Transmission of vertical vibration through a seat cushion at the seat pan: Effect of foam physical properties during different excitation magnitudes

Abstract

The vibration characteristics of car seats directly influence the ride comfort. Polyurethane foam is the key part of a seat, and its physical parameters have an important impact on the seat. In this study, the influence of the foam thickness and foam hardness on the vibration characteristics of seat cushion with different excitation magnitudes was investigated by using transmissibility and seat effective amplitude transmissibility (SEAT) value. First, vibration tests were carried out at a vertical vibration simulator with width-limited white noise vibration frequencies from 0.5 to 20 Hz with root-mean-square (r.m.s.) values of 0.4, 0.8, and 1.2 m/s2, the acceleration at the platform and the body-foam interfaces were measured to calculate the transmissibility, and the influence of the foam physical properties on the transmissibility was analyzed.
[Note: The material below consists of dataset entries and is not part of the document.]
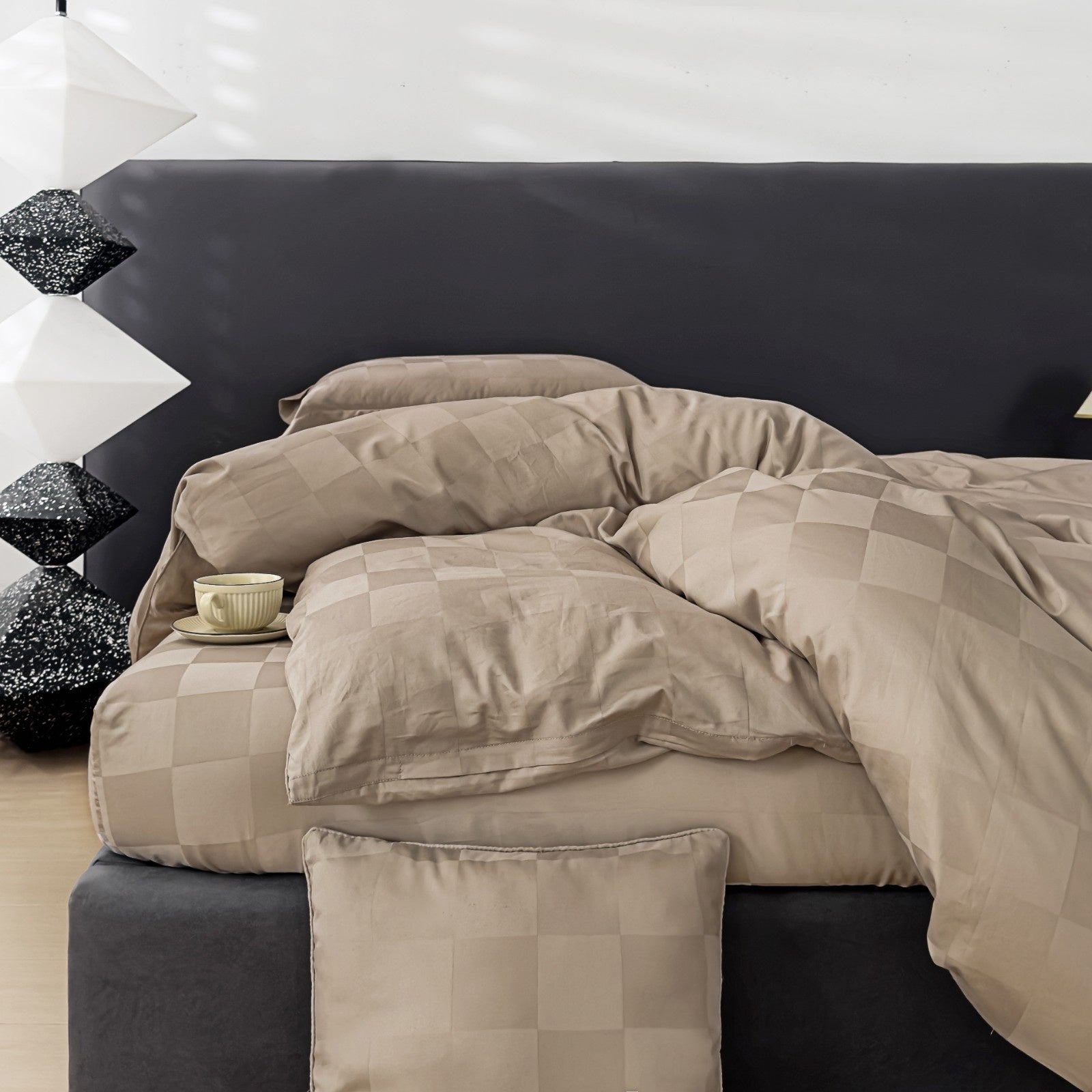 HOUSSE 500 TC Italian Jacquard | Premium Bedding Set | Comfort Modern Designs & Breathable Fabric | NEWYORK SQUARES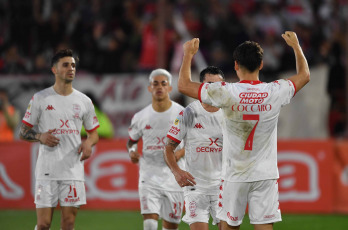 Buenos Aires, Argentina.- En las fotos tomadas el 30 de julio del 2023, durante el partido entre Huracán y Vélez por la 27ma. y última fecha de la Liga Profesional de Fútbol en el estadio Tomás Adolfo Ducó. Huracán derrotó a Vélez Sarsfield por 1-0 como local. Tras el encuentro, el defensor uruguayo de los de Liniers, Diego Godín, anunció su retiro del fútbol.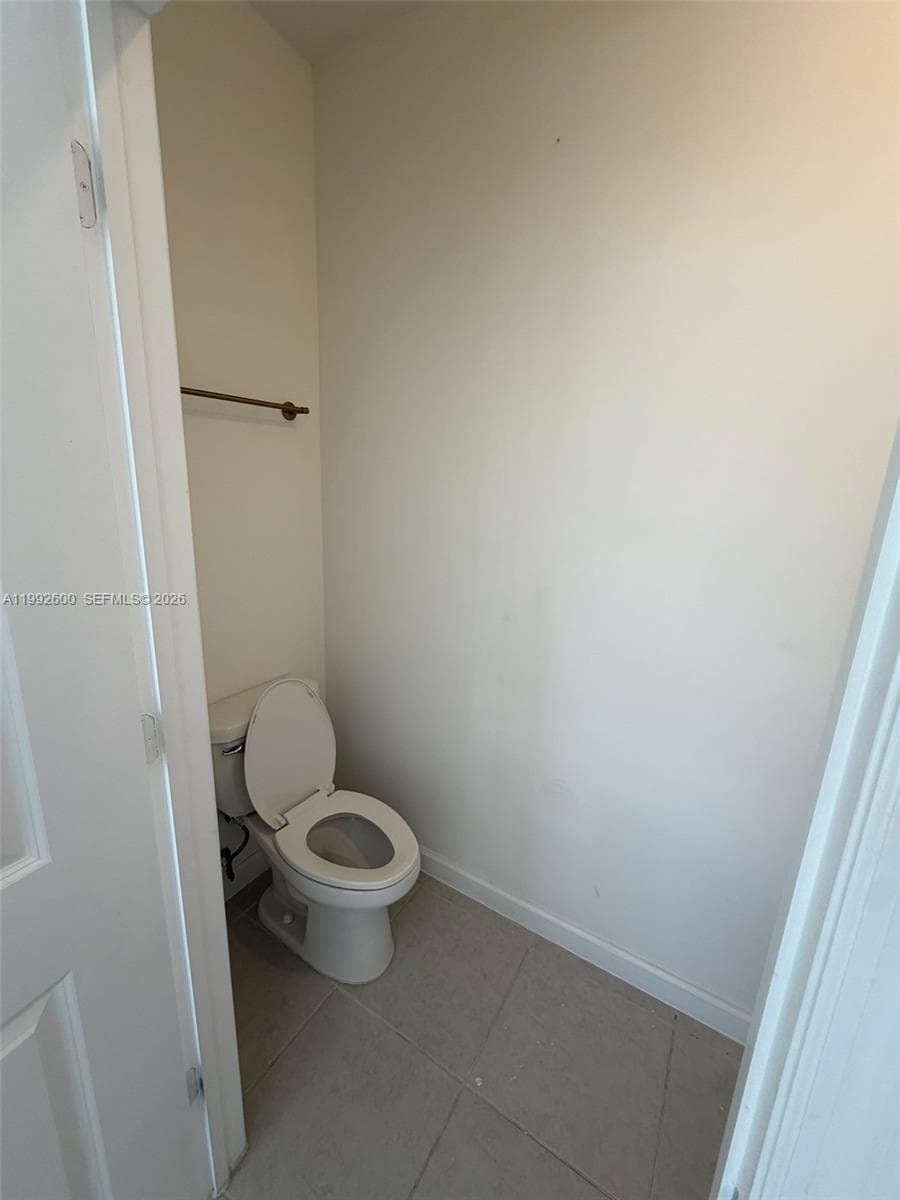 679 SE 13th St Cir, Homestead FL 33034 — 18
Then, the SEAT value was introduced to assess the vibration isolation efficiency of the foam cushion, and the influence of the foam physical properties of the foam cushion on the vibration isolation efficiency was analyzed. With increasing thickness of the foam and decreasing hardness of the foam at the seat pan, the peak transmissibility increased and the resonance frequency decreased. The SEAT values show that increasing the foam thickness is beneficial to the improvement of the vibration isolation efficiency of the seat, but there is a diminishing return; the combination of physical parameters of low hardness and high thickness could make the vibration isolation performance of the seat better. In addition, the nonlinearity of human-seat system during different vibration magnitude was found.